I know this is not very clever but I find that if I simply go to the base directory of the go project where I have the src, pkg and bin folders I can simply type:
export GOPATH=$(pwd)
and thats it all good!
My impression is that the go tool actively discourages "maintaining multiple versions of the same library on a per project basis" for the precise reason that experience has shown that that strategy doesn't work on large codebases (such as Google's). There has been quite a lot of discussion about package versioning on golang-nuts: (search the list), and it seems that the discussion is still open, as indicated by Ian Lance Taylor in this June 6, 2013 interview (search for the word "versioning").
The go packaging system is designed to allow every project to have its own directory structure; the only restriction is that they all need to be children of (some) directory in GOPATH. This has the advantage that it interacts well with version control systems, as long as the VCS master always builds. In the blog interview referenced above, ILT suggests:
What we do internally is take a snapshot of the imported code, and update that snapshot from time to time. That way, our code base won't break unexpectedly if the API changes.
Substituting "my other libraries" for "the imported code", that seems like a possibility; you could have two go directories, production and development; for development, you could put the development directory first in the path so that development binaries and libraries don't pollute the production directories.
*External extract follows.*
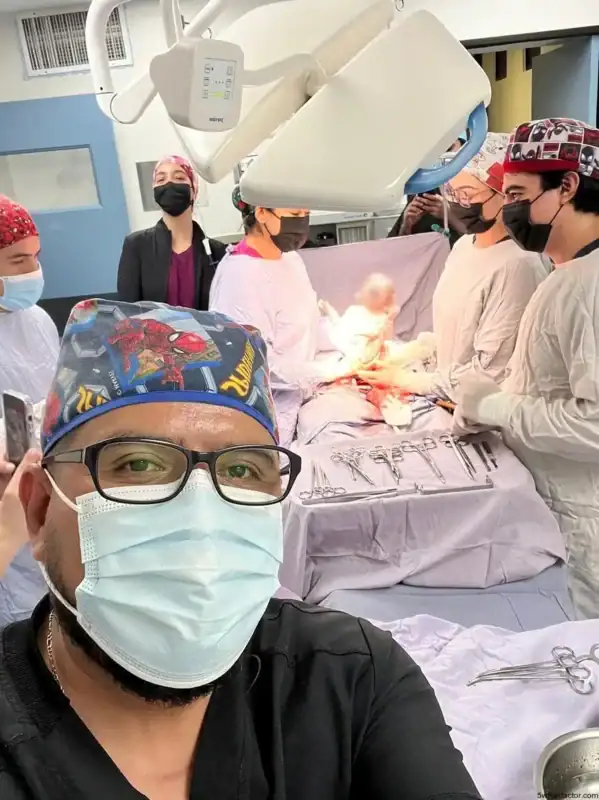 1. Equipo médico en cirugía de parto con profesionales en sala de parto hospitalaria.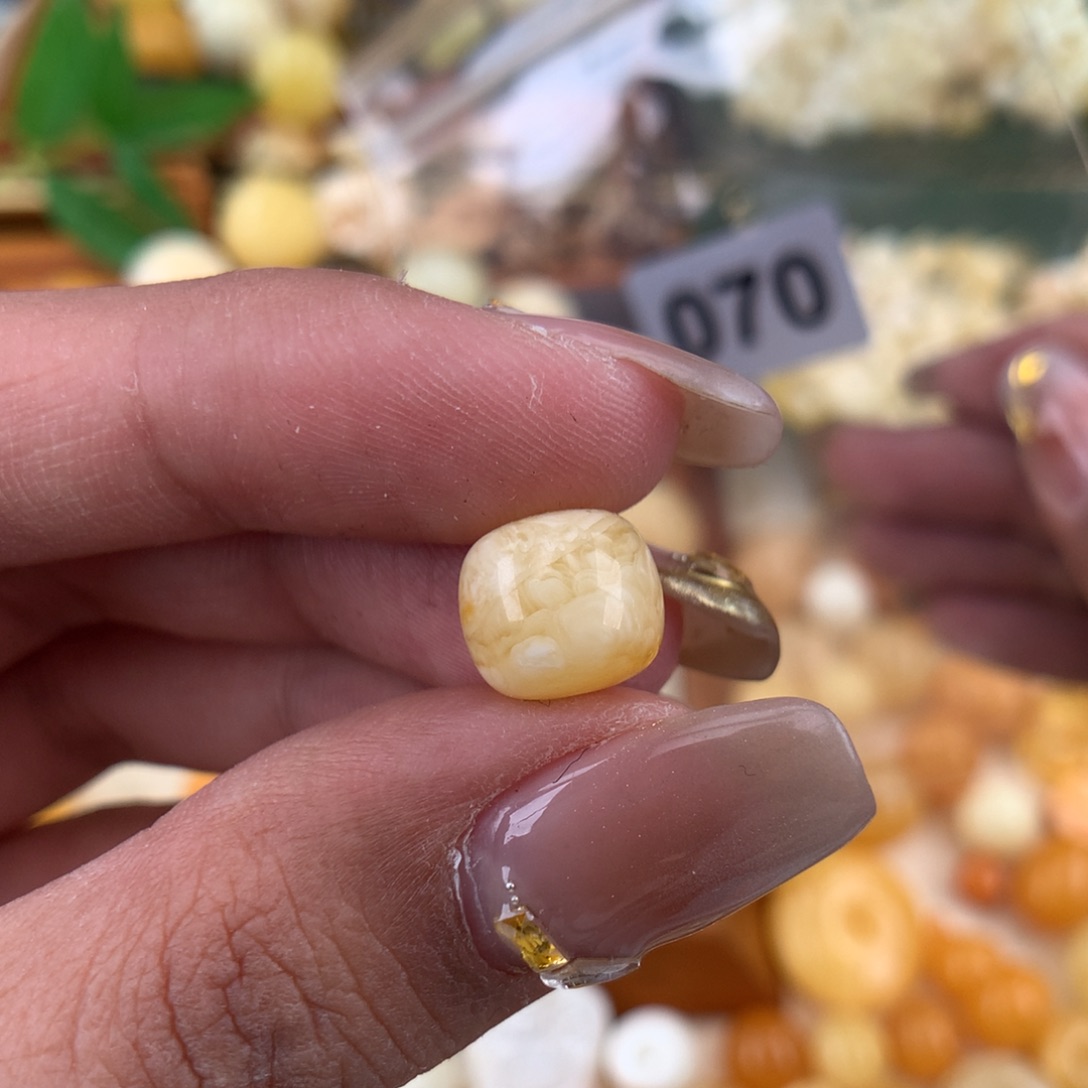 琥珀珠宝奇石未镶嵌1.0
I don't know if that is sufficient.
If you really want to have a separate GOPATH for each project, I'd suggest the following:
1) Make every project's GOPATH end at a directory named go (or some such)
2) Deduce the GOPATH using the something like the following shell function (almost totally untested):
gopath() {
GOPATH="$(
( while [[ $PWD != / && $(basename $PWD) != go ]]; do
cd ..
done
if [[ $PWD == / ]]; then
echo $GOPATH
else
echo $PWD
fi
))" go "$#"
}
Then you can use gopath instead of go as long as your current working directory is somewhere inside the project's repository. (More sophisticated possibilities might include using the explicitly provided project path, if any, to deduce GOPATH.)
I can't comment, but to build off the answer from #joshlf :::
alias go by prepending the GOPATH -- my method doesn't require you deal with/create an extra file:
alias go='GOPATH=$(echo $(pwd)) go'
cheers
I like the guts of the gopath() answer above, but I don't like (a) having the GOPATH set only for the go command (I use it in vim plugins, etc), nor do I like (b) having to remember to type gopath instead of go :)
This is what I ultimately added to my ~/.bash_profile:
export GOPATH="... a default path ..."
function cd() {
builtin cd $# &&
export GOPATH="$(
( while [[ $PWD != / && $(basename $PWD) != go ]]; do
cd ..
done
if [[ $PWD == / ]]; then
echo $GOPATH
else
echo $PWD
fi
))"
}
(I also wrote up the above with a little extra discussion of requirements in this blog post)
I'm a Golang newb, but the best way to do this would probably be to create a shell script in each of your projects, to build/run your project, and put this script in your project root :)
#!/usr/bin/env bash
// get absolute path to the directory which contains this script
PROJECT_DIR=$(cd $(dirname $0) && pwd)
// set GOPATH as you wish, then run go build
GOPATH=${GOPATH}:${PROJECT_DIR} && cd ${PROJECT_DIR} && go build
this script should work, even if you execute it from a directory that is not the project root.